Selama ini orang-orang biasanya memberikan bunga itu kepada pasangan atau orang yang dicintai. Namun, Rendra, kan,emang berbeda dengan kebanyakan orang.

"Ya, bagaimanapun orang itu memang berbeda," batin Ryan sembari menganggukkan kepala.

"Jangan berpikiran yang tidak-tidak?" ucap Rendra yang masih asik memandangi bunga yang dibelinya.

"Kapan aku melakukannya." Ryan berkata dengan santai.

"Jangan bohong. Lalu, kenapa kau mengganggukkan kepala seperti itu?"

"Ah, aku hanya mengingat sebuah lagu dan tanpa sadar menggoyangkan kepalaku, Bos. Maaf jika itu mengganggumu," ujar Ryan mengangkat tangannya.

Rendra tampak terdiam mendengarnya. Mungkin saja sedang tidak ingin berdebat atau sedang sibuk merangkai kalimat yang akan diucapkannya kepada Aleeta nanti.

Saat kendaraan yang membawa mereka memasuki pelayan parkir hotel Grand Hilton, Rendra telah memegangi dada dan mengatur napas. Dia sangat gugup, bahkan lebih gugup dibandingkan bertemu dengan klien penting dia tidak segugup ini dan selalu percaya diri. Namun, berhadapan dengan Aleeta telah mengikis kepercayaan dirinya.

"Kenapa, Bos? Tidak usah gugup begitu, dong. Kan, kalau cinta ditolak dukun bertindak," ucap Ryan asal sembari terkikik. Namun, hanya sesaat, karena sebuah jitakan mendarat di kepalanya.
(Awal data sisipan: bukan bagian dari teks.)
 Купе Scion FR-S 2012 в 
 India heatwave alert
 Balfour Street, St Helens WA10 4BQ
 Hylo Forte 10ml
"Kau pikir aku ini siapa? Aku Rajendra Alister, pria tampan yang dikagumi banyak wanita. Kalau sampai aku tidak bisa mendapatkan Aleeta, jangan panggil aku Rendra." Rendra berkata dengan sungguh-sungguh dan percaya diri.
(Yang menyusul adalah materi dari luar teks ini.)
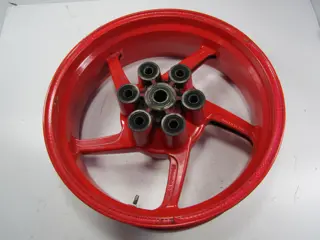 ACHTER VELG Ducati Monster S4 2001 - 2003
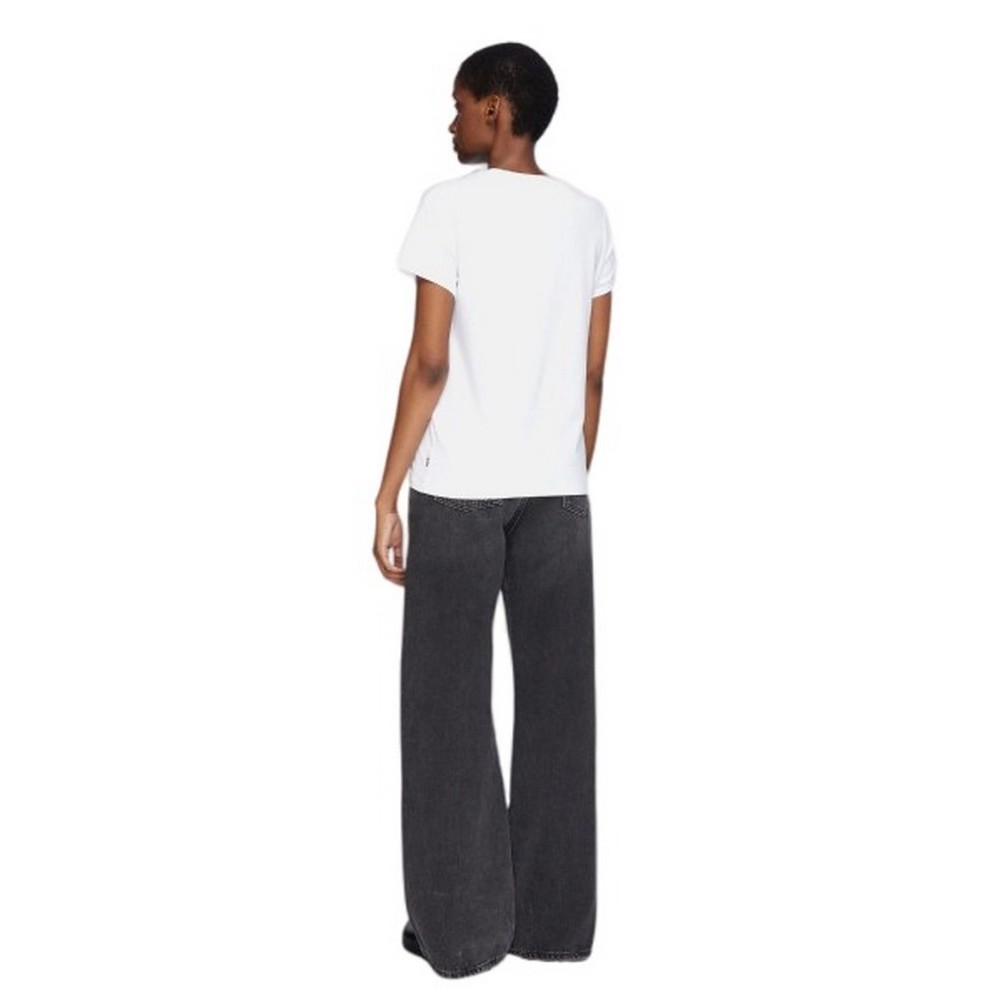 LEVIS® LSE THE PERFECT TEE T-SHIRT ΜΠΛΟΥΖΑ ΓΥΝΑΙΚΕΙΑ WHITE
Tentu saja kepercayaan dirinya itu beralasan. Selama ini kaum hawa yang mengejarnya. Meski baru kali ini dia mengejar wanita, tetapi dia optimis akan diterima.
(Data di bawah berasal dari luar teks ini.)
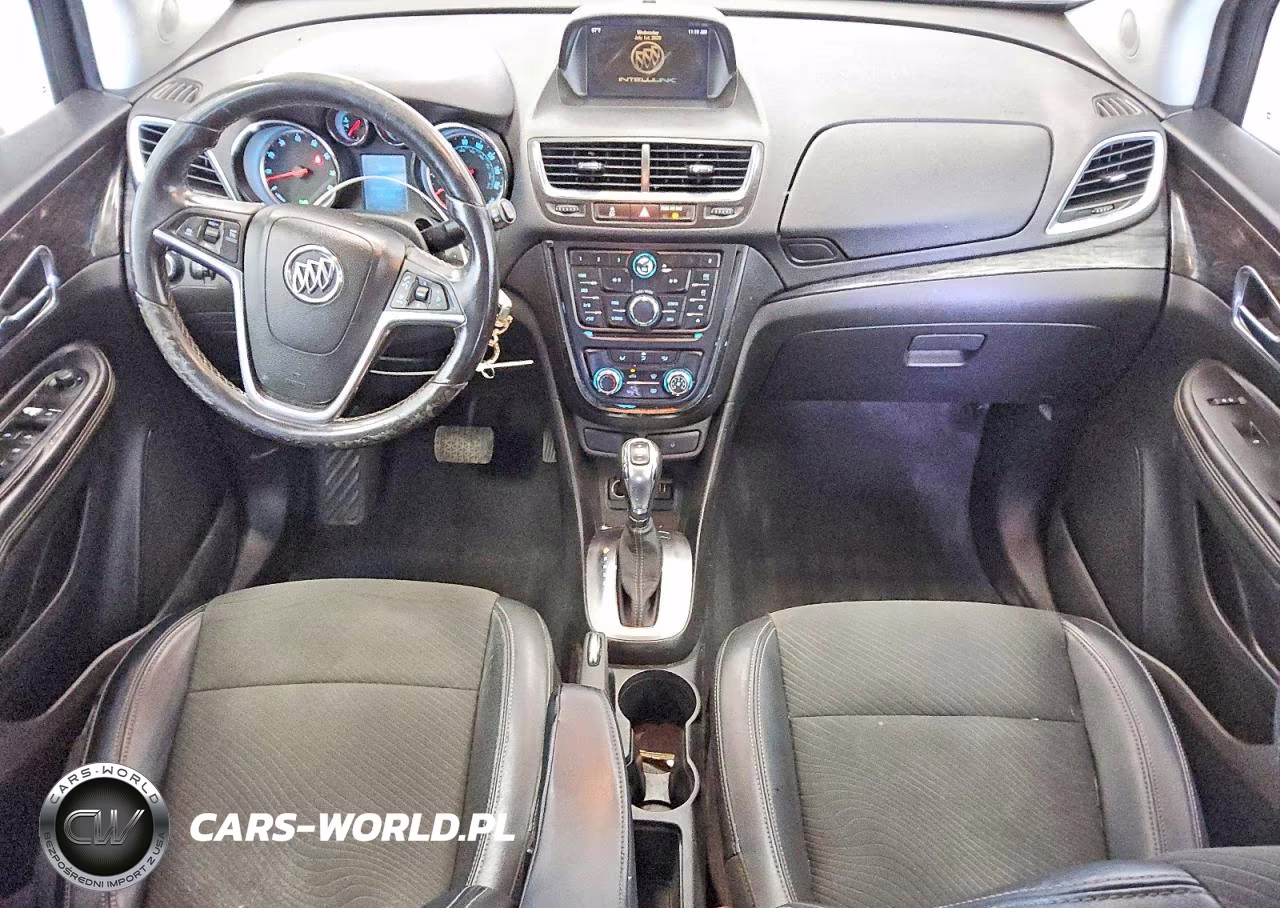 2014 Buick Encore VIN:KL4CJASBXEB641936 - 8
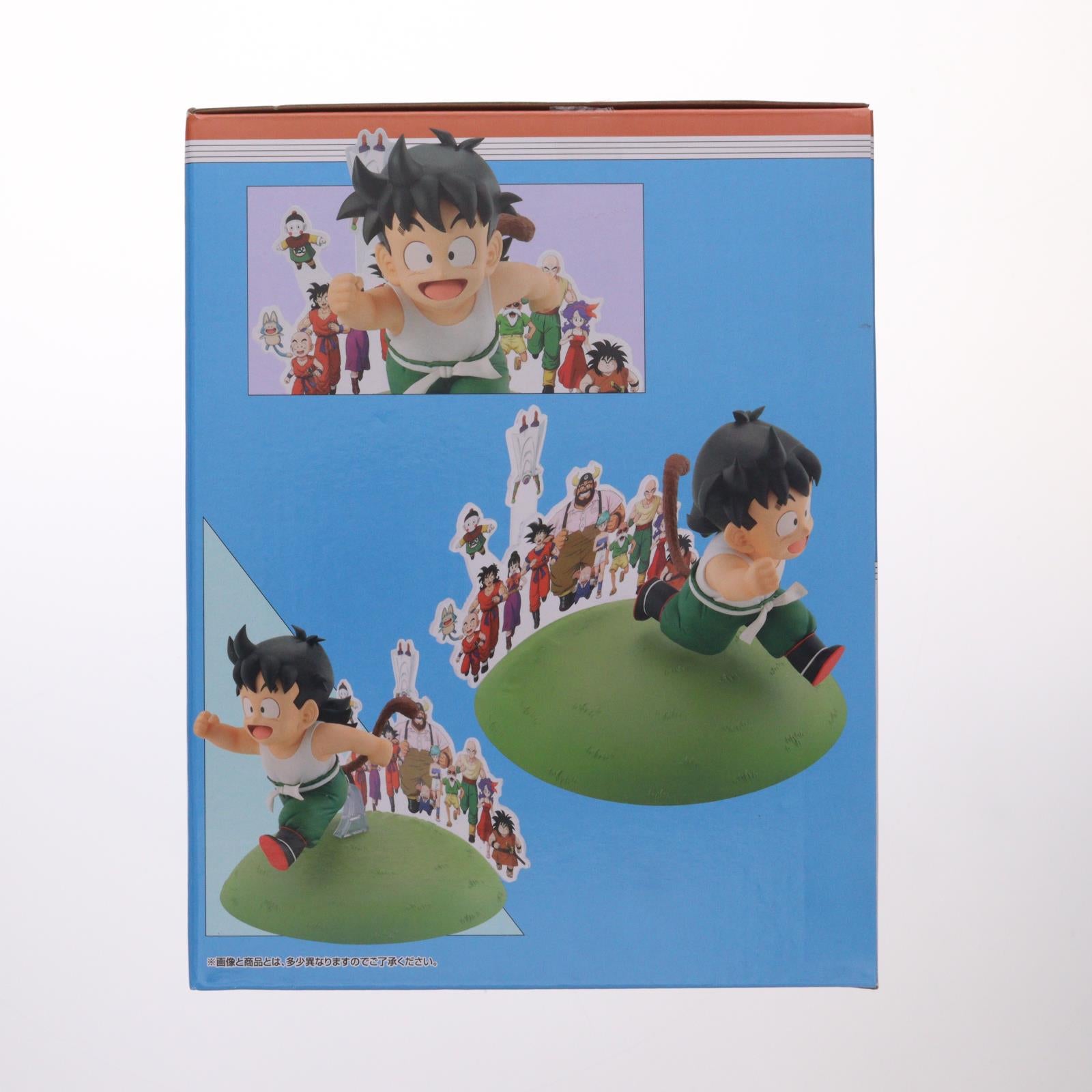 【中古即納】[FIG] D賞 孫悟飯 DRAGONBALL SNAP FIGURE 一番くじ ドラゴンボール DRAGONBALL SNAP COLLECTION2 フィギュア プライズ バンダイスピリッツ(20251129)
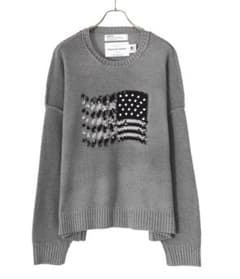 "American Dream" Inside-out Knit DAIRIKUのサムネイル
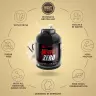 Ironmaxx Whey Zero (2270 g, Vanilie Franțuzească)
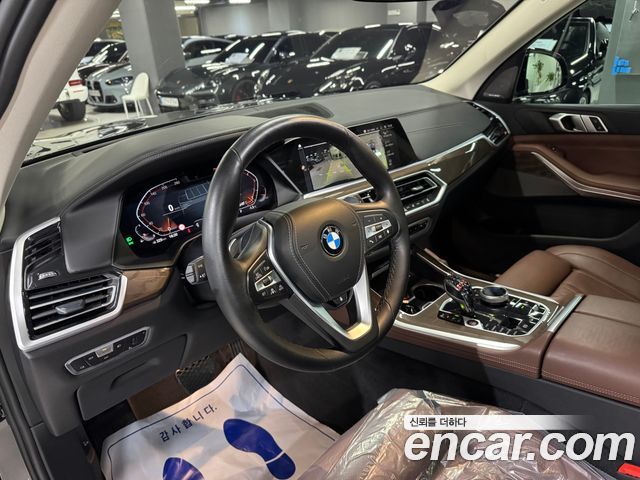 BMW X5 (G05) xDrive 40i xLine 2022 — фото 4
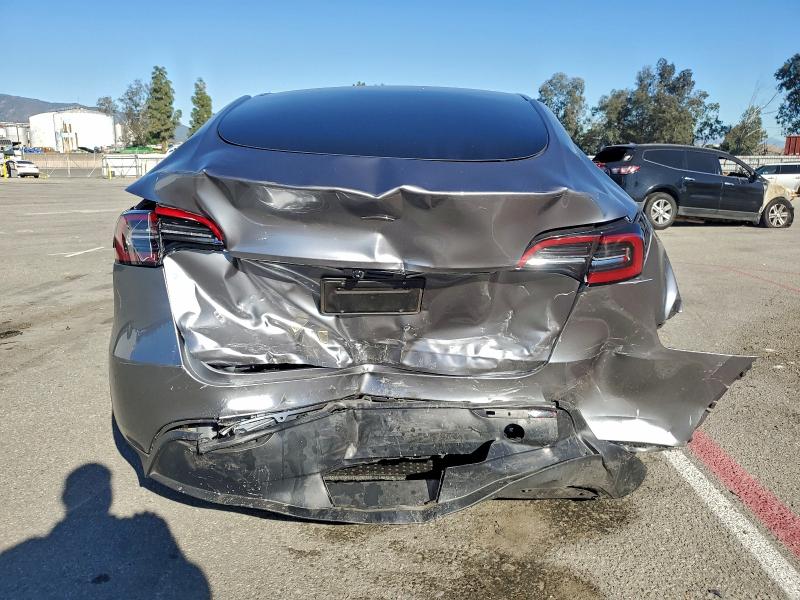 Продаж на аукціоні авто 2024 Tesla Model Y, vin: 7SAYGDEF4RA305700, номер лоту: 96786265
"Tetapi gelar lelaki penakluk wanita itu pada akhirnya terkikis juga, Bos." Ryan tersenyum remeh.

"Maksudmu?" Rendra mengerutkan kening. Menuntut penjelasan dari kalimat Ryan tersebut. Tentu saja ia tidak terima dengan ucapan asistennya tersebut.

"Buktinya sudah jelas di depan mata, Bos. Bahkan kau harus berjuang keras untuk mendapatkan hati Bu Aleeta, bukan?"

"Sial!" Rendra mendengus kesal mendengar ucapan Ryan. Ia tidak bisa menampik semua kalimat yang diucapkan asistennya tersebut.

"Bagaimana Bos, rasanya ditolak? Ryan tak hentinya menggoda lelaki itu.